We have now introduced the inverse probability weighting (IPW) estimator as
\[ \hat{\tau}_{\text{ipw}} = \frac{1}{n} \sum_{i=1}^n \left( \frac{Y_i A_i}{\hat{e}(X_i)} - \frac{Y_i (1 - A_i)}{1 - \hat{e}(X_i)} \right) \tag{1} \]
On the other hand, if we are able to come up with some good regression estimator of the expectation of the outcome \(Y\), say, \(\hat{\mu}_{(1)}(X)\), for those who received treatment, and \(\hat{\mu}_{(0)}(X)\), for those who did not receive treatment, then we can use the regression estimator of the ATE as
\[ \hat{\tau}_{\text{reg}} = \frac{1}{n} \sum_{i=1}^n \left( \hat{\mu}_{(1)}(X_i) - \hat{\mu}_{(0)}(X_i) \right) \tag{2} \]
An interesting idea of combining these two estimators is called an augmented inverse probability weighted (AIPW) estimator (Robins, Rotnitzky, and Zhao 1994), which is defined as
\[ \hat{\tau}_{\text{aipw}} = \frac{1}{n} \sum_{i=1}^n \left( \hat{\mu}_{(1)}(X_i) - \hat{\mu}_{(0)}(X_i) + \frac{A_i}{\hat{e}(X_i)} \left(Y_i - \hat{\mu}_{(1)}(X_i) \right) - \frac{(1 - A_i)}{1 - \hat{e}(X_i)} \left(Y_i - \hat{\mu}_{(0)}(X_i) \right) \right) \tag{3} \]
By just looking at this estimator, it is attempting to do a correction of the regression estimator. For an observation, \(Y_i - \hat{\mu}_{(1)}(X_i)\) is the error of the regression estimator for those who received treatment, and using a weighted version of this quantity would adjust the regression estimator. The same is true for those who did not receive treatment. Interestingly, this estimator displays a doubly robust property, which means that if either the regression estimator or the IPW estimator is consistent, then the AIPW estimator is consistent.

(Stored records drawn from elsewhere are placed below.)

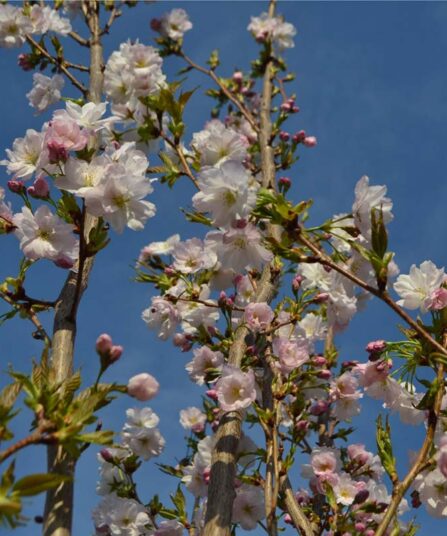 Japankirsebær | Prunus serrulata 'Amanogawa'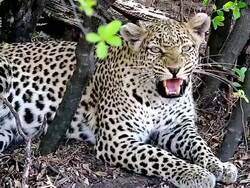 CU Leopard, panthera pardus snarling, Okavango Delta / Moremi Reserve, Botswana, South Africa Stock Footage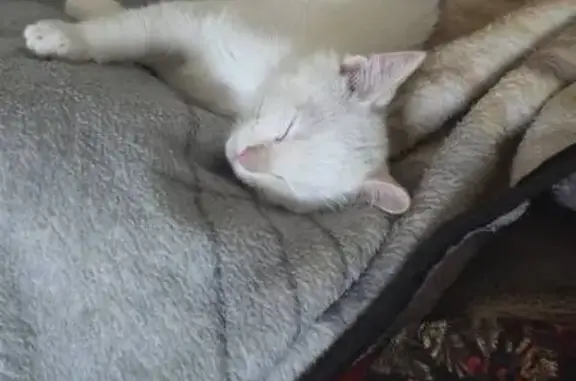 Lost male cat, East 60th Place, 4851, Maywood — white with orange-striped tail - photo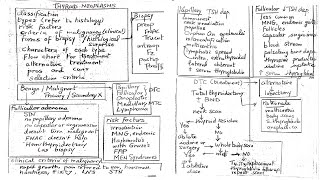 Thyroid 2 Thyroid Neoplasms [upl. by Annaitsirhc]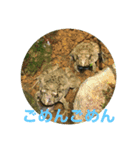 プラ池の生きもの家族（個別スタンプ：3）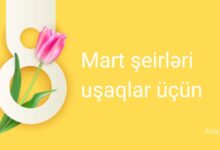 8 mart seirleri usaqlar ucun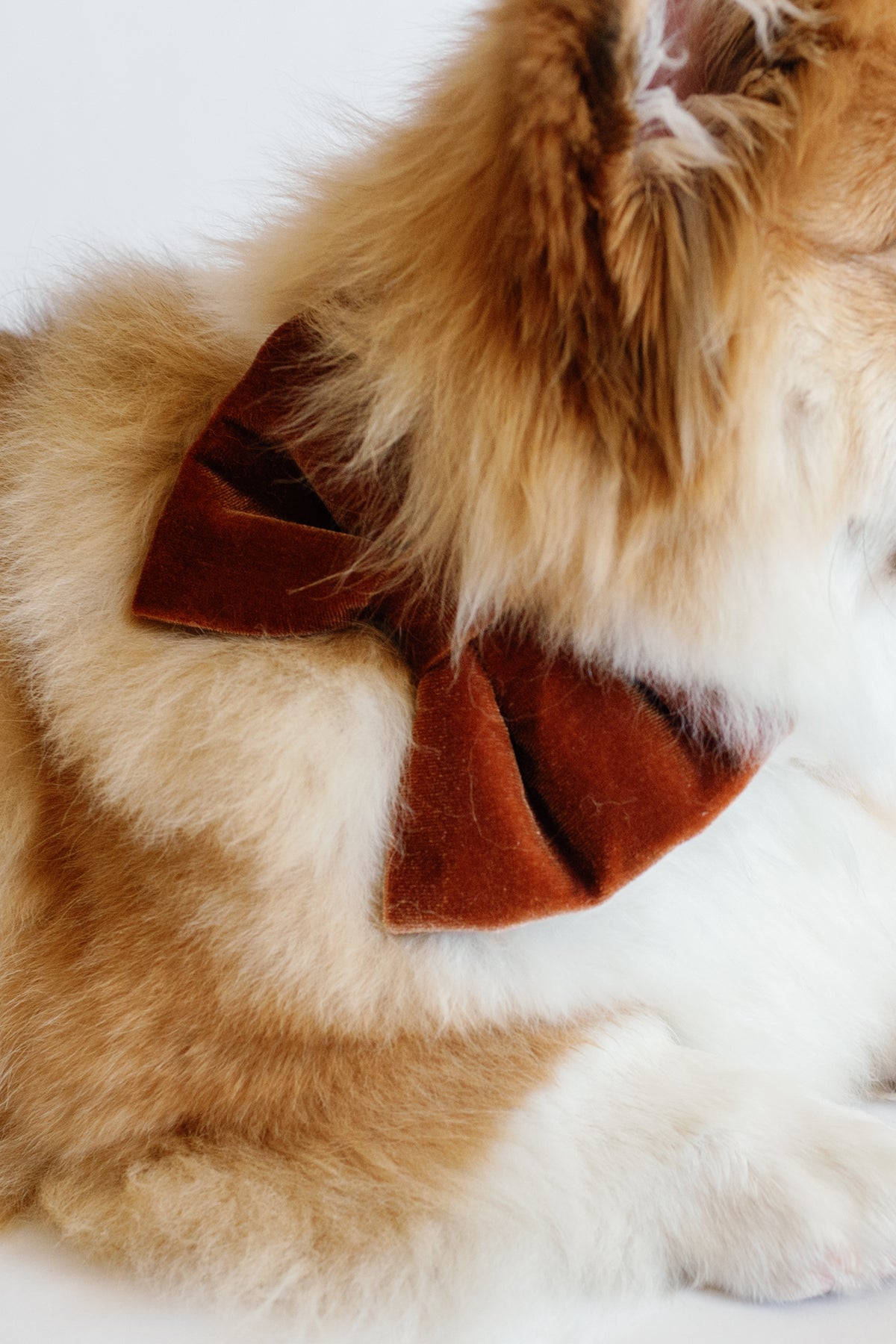 Dog wearing a brown velvet bow tie on a white background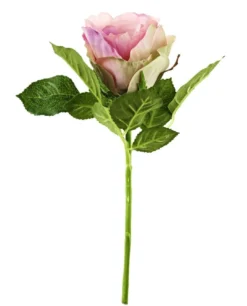 Rose, 30 cm, alt-rosa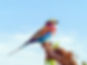 Lilac-breasted-roller-birding-in-Kenya.jpg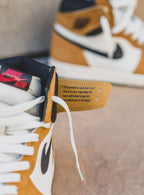 Air Jordan 1 Retro High Rookie of the Year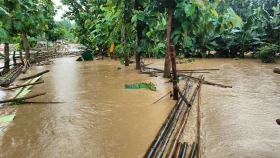 বন্যায় প্রাণহানি বেড়ে ৪৪, পানিবন্দি ২ লাখের বেশি পরিবার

To understand the double robustness property, let’s consider the expectation version. This is reasonably close to the sample average as long as we have a large sample size.
\[ \mathbb{E} \left[ \hat{\mu}_{(1)}(X) + \frac{A}{\hat{e}(X)} \left(Y - \hat{\mu}_{(1)}(X) \right) \right] - \mathbb{E} \left[ \hat{\mu}_{(0)}(X) + \frac{(1 - A)}{1 - \hat{e}(X)} \left(Y - \hat{\mu}_{(0)}(X) \right) \right] \tag{4} \]

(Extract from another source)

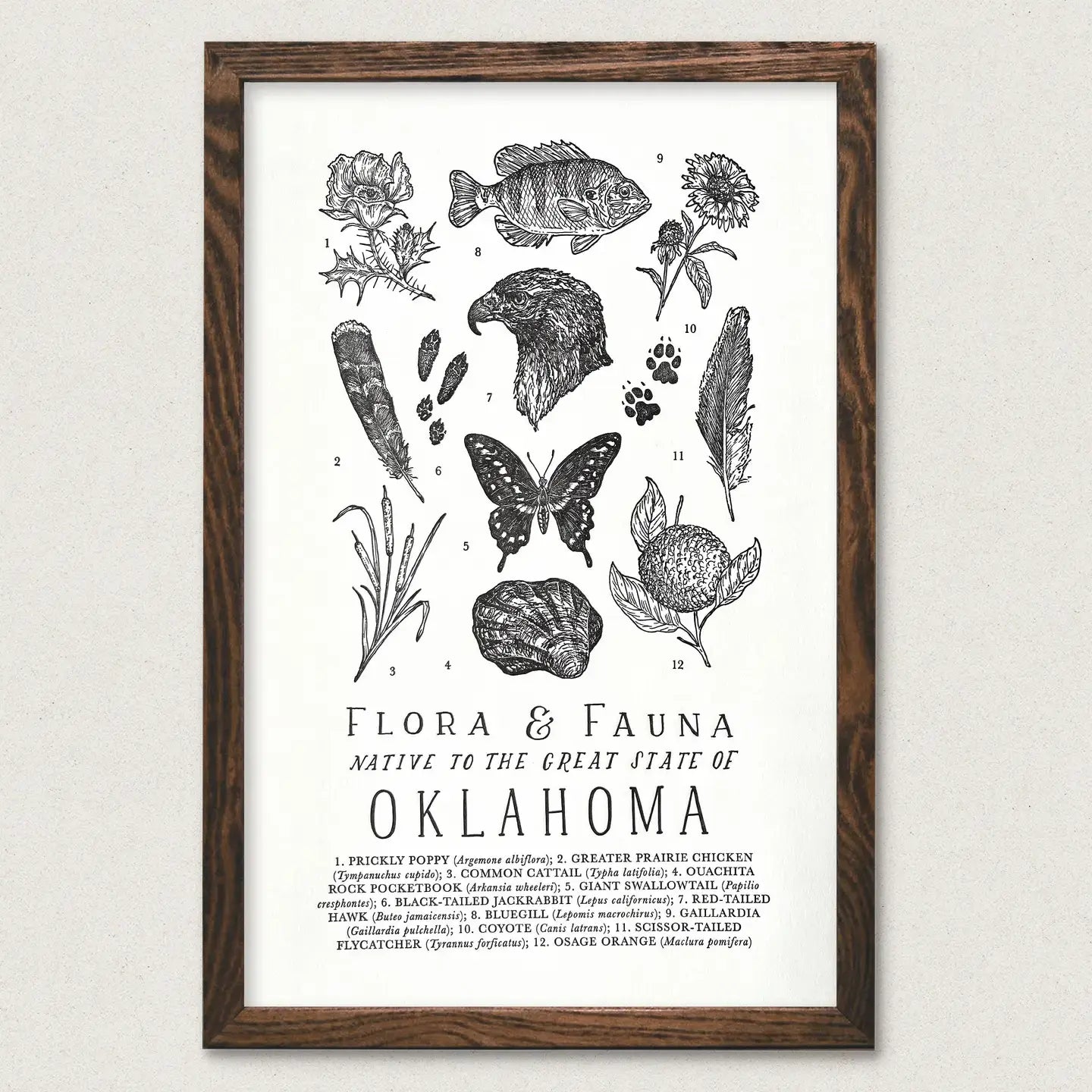 art print - oklahoma field guide - flora & fauna by the wild wander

For the first term, it should be targeting \(\E [ Y(1) ]\) as an unbiased estimator. Let’s rearrange the first term and look at its difference between the two:
\[ \begin{aligned} &\E \left[ \hat{\mu}_{(1)}(X) + \frac{A}{\hat{e}(X)} \left(Y - \hat{\mu}_{(1)}(X) \right) - Y(1) \right] \\ =& \E \left[ \frac{A}{\hat{e}(X)} \left(Y - \hat{\mu}_{(1)}(X) \right) - \left( Y(1) - \hat{\mu}_{(1)}(X) \right) \right] \\ =& \E \left[ \frac{A - \hat{e}(X)}{\hat{e}(X)} \left( Y(1) - \hat{\mu}_{(1)}(X) \right) \right] \quad \text{by SUTVA} \\ =& \E \left[ \E \left[ \frac{A - \hat{e}(X)}{\hat{e}(X)} \left( Y(1) - \hat{\mu}_{(1)}(X) \right) \Biggm| X \right] \right] \\ =& \E \left[ \E \left[ \frac{A - \hat{e}(X)}{\hat{e}(X)} \Biggm| X \right] \times \E \left[ Y(1) - \hat{\mu}_{(1)}(X) \Biggm| X \right] \right] \quad \text{by Unconfoundedness}\\ =& \E \left[ \frac{e(X) - \hat{e}(X)}{\hat{e}(X)} \times \left[ \mu(1) - \hat{\mu}_{(1)}(X) \right] \right] \end{aligned} \]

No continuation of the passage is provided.